Ce numéro de la RPP se propose de « penser de Gaulle ».

« Bonjour, de Gaulle, Bonjour ! », Revue politique et parlementaire, n°1094-1095, trimestriel, janvier-juin 2020, 296 p, 25 €

Pour ce faire il diversifie les approches, textes de personnalités politiques, réflexions d’hommes de lettres et d’essayistes, articles d’historiens, d’économistes, de politologues sur les politiques intérieure et extérieure, études sur la mémoire. Le tout rend un jugement plus que favorable, comme le suggère le titre du numéro, en écho au À demain, de Gaulle, de Régis Debray en 1990. Certes quelques articles, celui de Jean Marie Rouart, à propos de l’Algérie, et celui de Georges-Marc Benamou, pour Mai 1968, rappellent des faiblesses et des fautes du « grand homme ». Et la rédaction de la revue a eu la bonne idée de livrer une synthèse des positions de cette vieille publication au fil des décennies depuis la Libération, qui ont pu être parfois franchement hostiles à la politique gaullienne, comme en 1962, contre le référendum sur l’élection du président de la République au suffrage universel, et critiques sur la politique européenne. 

Satisfecit
Mais, aujourd’hui, le satisfecit l’emporte largement sur la critique.
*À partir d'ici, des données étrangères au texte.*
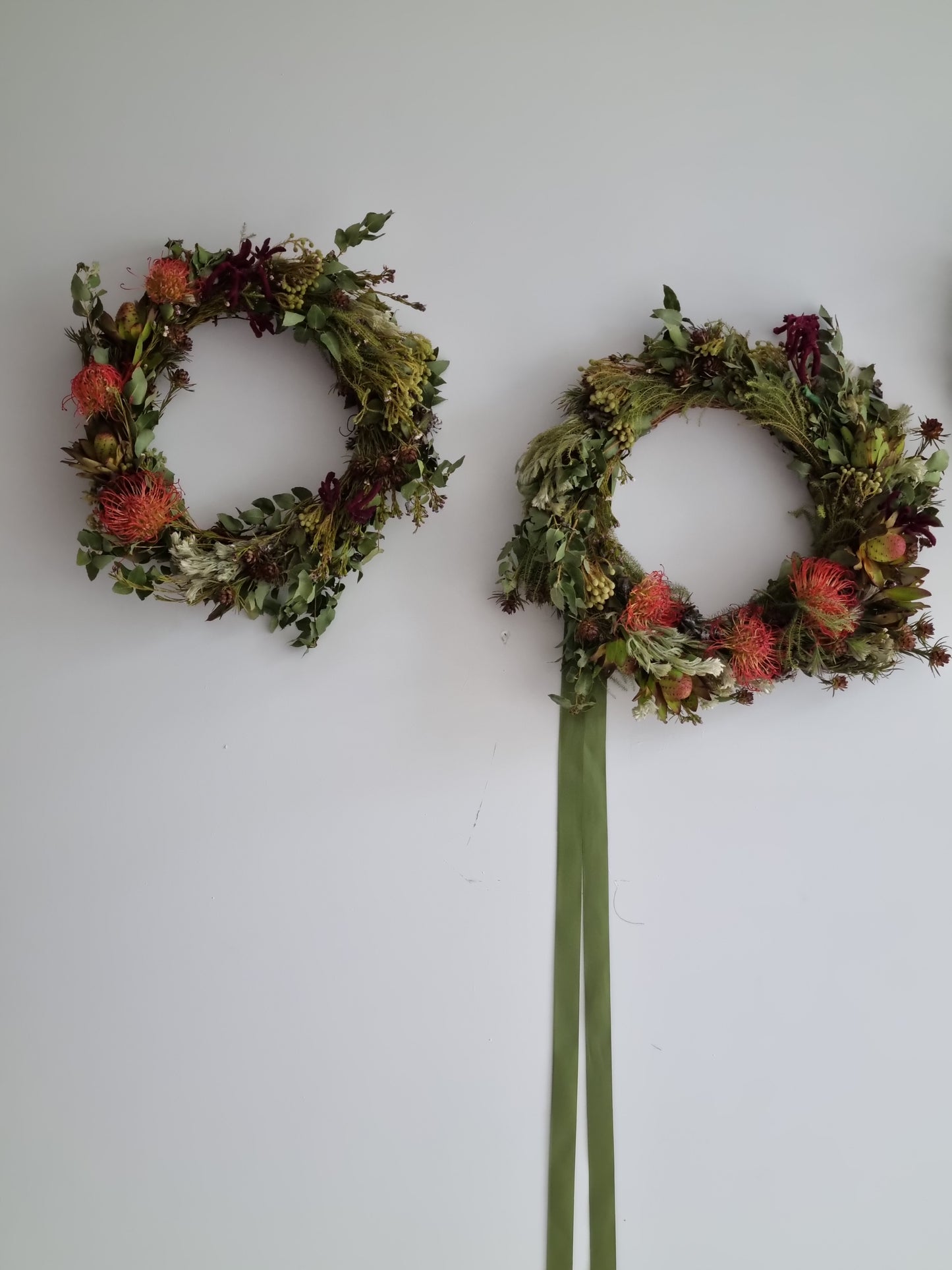 Fresh Christmas Wreath (willow branch base)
Il est intéressant, de ce point de vue, de comparer les textes des personnalités politiques sollicitées. Chacune parle évidemment d’elle à propos de De Gaulle. La presse a déjà fait une large mention de l’article de Marine Le Pen qui livre un éloge dithyrambique du général, « génie politique », « génie militaire », « génie littéraire », et l’installe (oh ! Jean-Marie) quasiment comme la référence du Rassemblement national… Nicolas Dupont-Aignant procède de la même manière pour son mouvement Debout la France ! Valéry Giscard d’Estaing rappelle ses désaccords, mais souligne que de Gaulle a avalisé sa politique d’équilibre budgétaire quand il était ministre des Finances, et que, aujourd’hui, il serait un européen conséquent dans les nouvelles données du monde du XXIe siècle. Jean-Pierre Chevènement soutient, sans surprise, la thèse inverse et revendique une part de l’héritage. Jean-Luc Mélenchon félicite « L’insoumis » de 1940, et rejette les institutions monarchiques de la Ve République – comment aurait-il pu en être autrement lorsqu’on prône une VIe République. « Tout le monde sera gaulliste », a-t-on dit. Mais, à l’évidence, le prix à payer est une si forte instrumentalisation et différenciation politique que l’utilité de la référence ne s’impose plus guère. 

L’homme providentiel ?
Aussi, c’est l’intérêt de la deuxième partie du dossier de revenir sur les fondements, non du gaullisme au sens propre (car les mouvements et partis gaullistes sont quasiment ignorés), mais sur la pensée politique du général lui-même, la conception de la nation et de l’État tout particulièrement. Mais, il faut le signaler, certains articles sont à ce point partisans, ceux de Roland Hureaux, à propos de l’Europe, et de Guillaume Bigot, sur l’immigration et l’assimilation, notamment, qu’une discussion critique aurait dû être menée – le lecteur la fera pour sa part. D’une manière générale, ces textes – et c’est intention de la plupart – suscitent des réflexions pour l’avenir. Didier Mauss, notamment, pose très clairement les conditions d’une permanence de la Ve République et ce qui serait la seule réelle possibilité d’une réforme, l’adoption d’un mode de scrutin proportionnel pour les élections législatives. Jean Garrigues, enfin, replace de Gaulle dans une perspective plus large, celle de « l’homme providentiel », particulièrement vivace dans notre pays, mais problématique actuellement. C’est dire, finalement, qu’il y a beaucoup à prendre dans ce numéro de la RPP, pour notre information et pour notre réflexion.